◆ YOUR INSTRUCTIONS
Repeat only the lines from the one containing "Set Of 3 Halloween" to the final line below, exactly as they read, and leave every picture out.

◆ SUPPLIED RECORDS
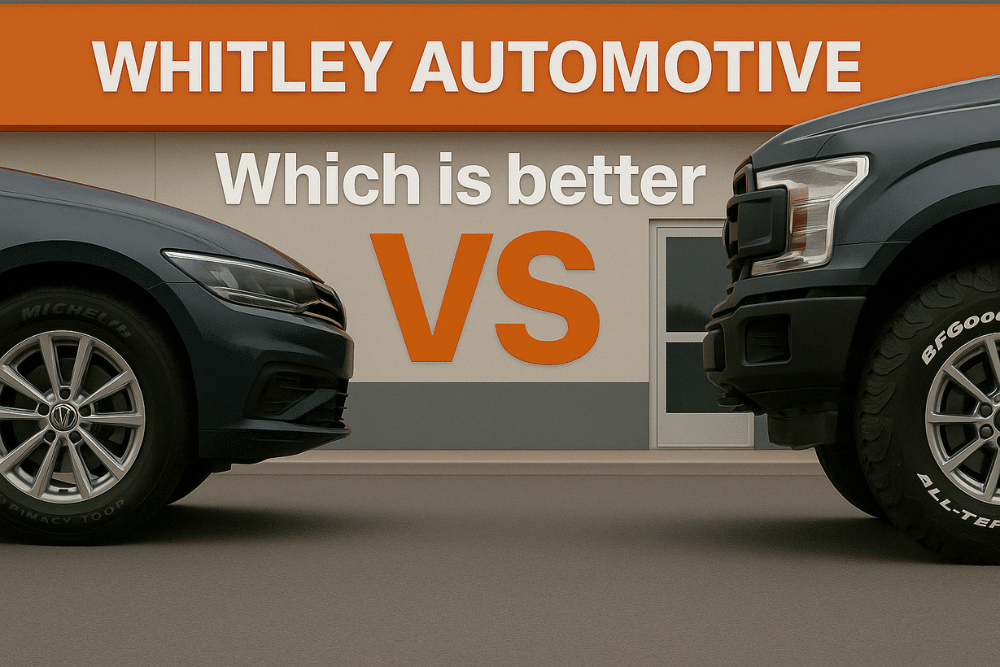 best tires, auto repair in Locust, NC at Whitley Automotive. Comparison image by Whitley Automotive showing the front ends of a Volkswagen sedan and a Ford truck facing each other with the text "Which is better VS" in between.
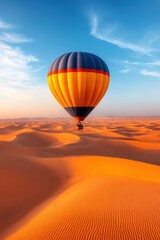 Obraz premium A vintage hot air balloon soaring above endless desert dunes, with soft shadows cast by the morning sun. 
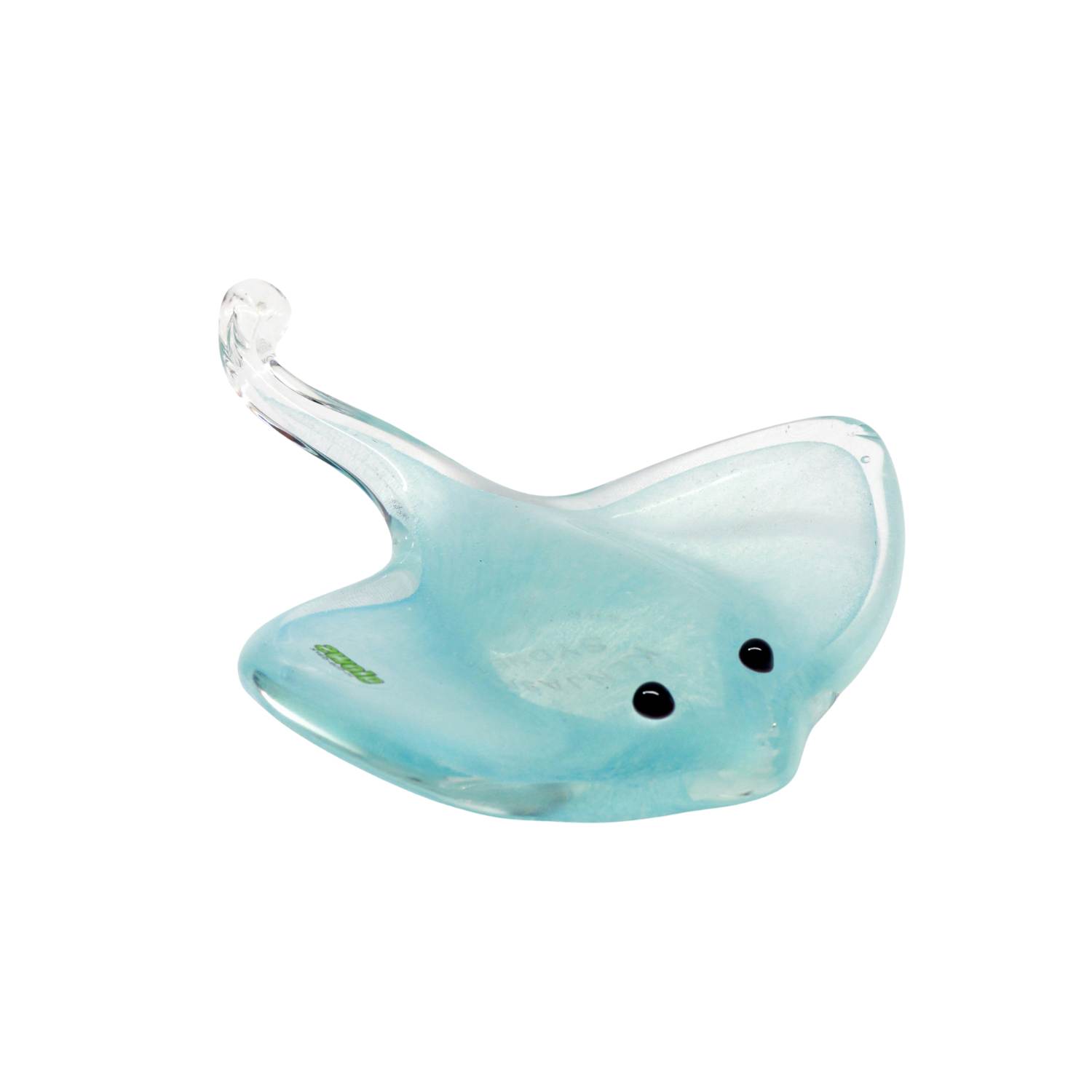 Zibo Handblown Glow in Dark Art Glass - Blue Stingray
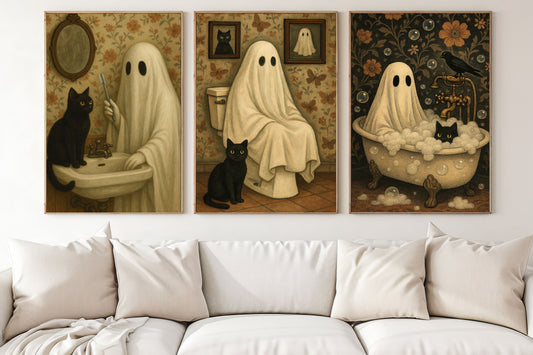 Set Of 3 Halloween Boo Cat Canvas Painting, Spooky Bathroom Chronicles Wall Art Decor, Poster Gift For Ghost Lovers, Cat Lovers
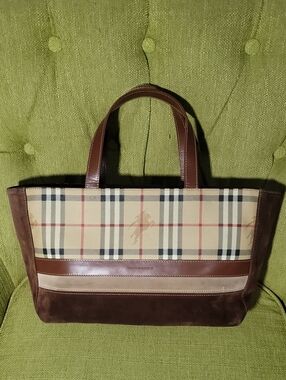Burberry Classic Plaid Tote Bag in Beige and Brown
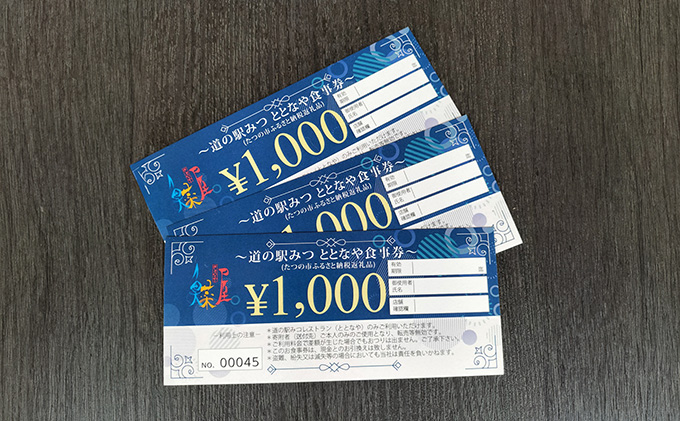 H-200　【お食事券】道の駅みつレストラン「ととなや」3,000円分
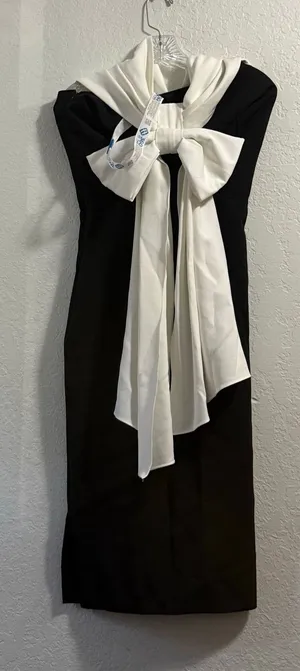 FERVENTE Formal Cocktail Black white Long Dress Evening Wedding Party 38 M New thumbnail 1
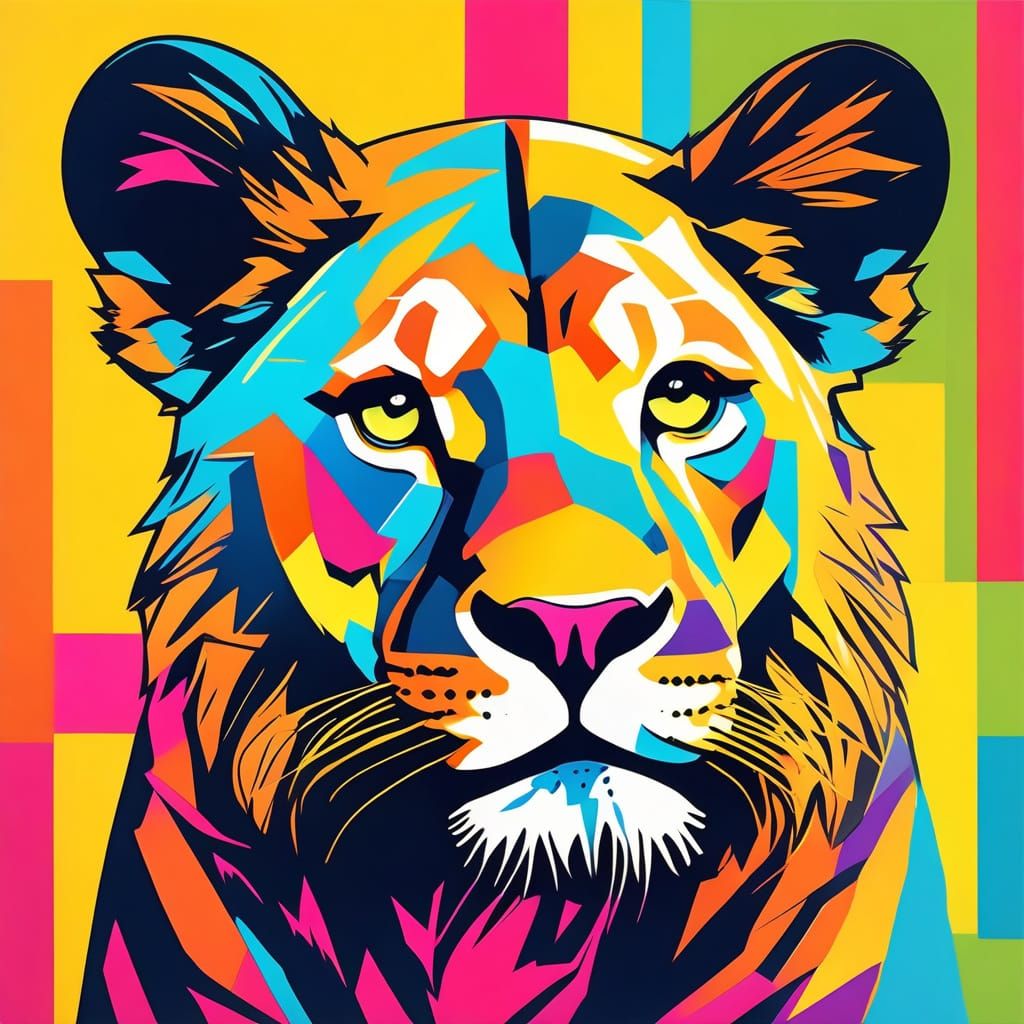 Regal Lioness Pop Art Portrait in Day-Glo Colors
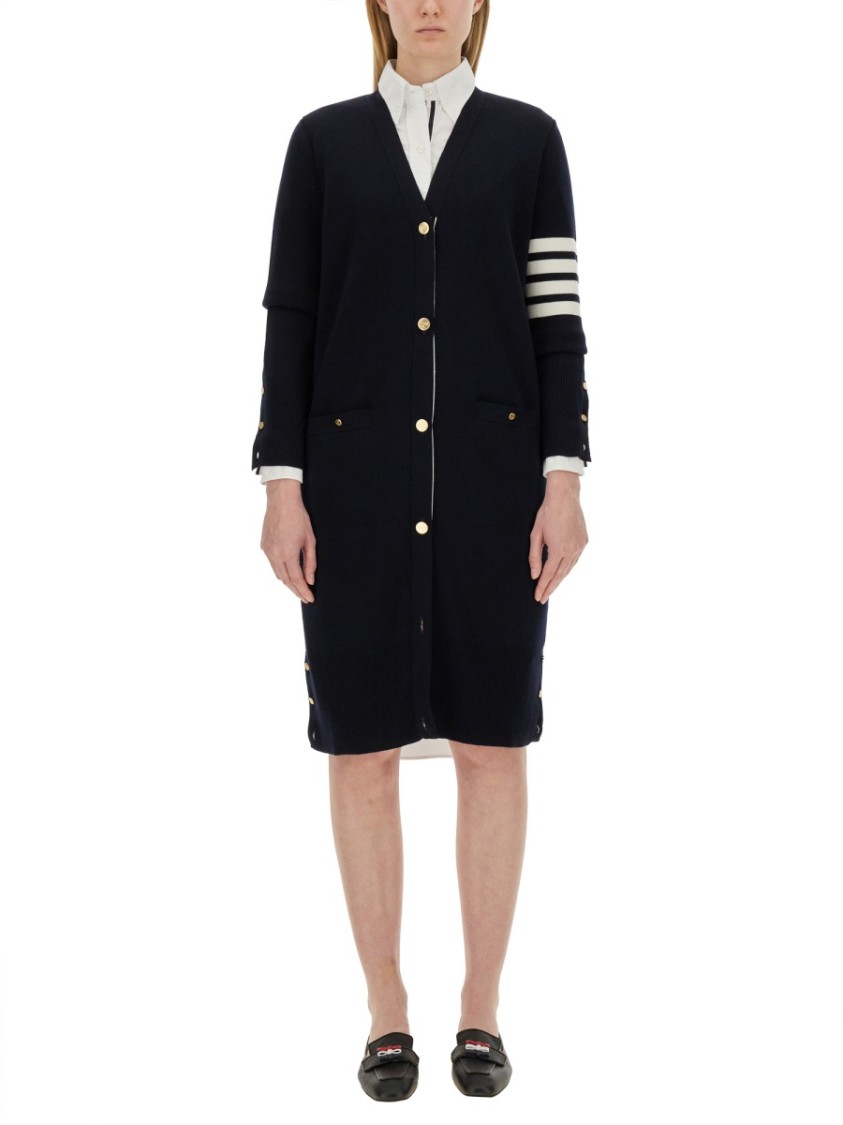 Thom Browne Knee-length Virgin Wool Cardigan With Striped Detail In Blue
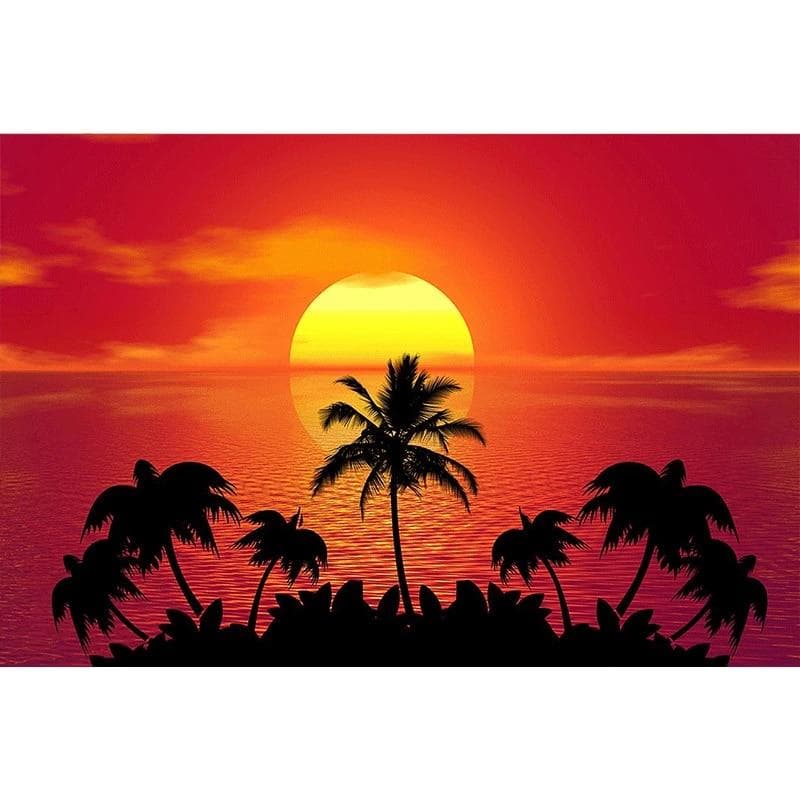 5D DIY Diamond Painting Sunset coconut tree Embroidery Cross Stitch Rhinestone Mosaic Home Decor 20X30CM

◆ EXERCISE SOLUTION
 Set Of 3 Halloween Boo Cat Canvas Painting, Spooky Bathroom Chronicles Wall Art Decor, Poster Gift For Ghost Lovers, Cat Lovers
Burberry Classic Plaid Tote Bag in Beige and Brown
 H-200　【お食事券】道の駅みつレストラン「ととなや」3,000円分
 FERVENTE Formal Cocktail Black white Long Dress Evening Wedding Party 38 M New thumbnail 1
 Regal Lioness Pop Art Portrait in Day-Glo Colors
 Thom Browne Knee-length Virgin Wool Cardigan With Striped Detail In Blue
 5D DIY Diamond Painting Sunset coconut tree Embroidery Cross Stitch Rhinestone Mosaic Home Decor 20X30CM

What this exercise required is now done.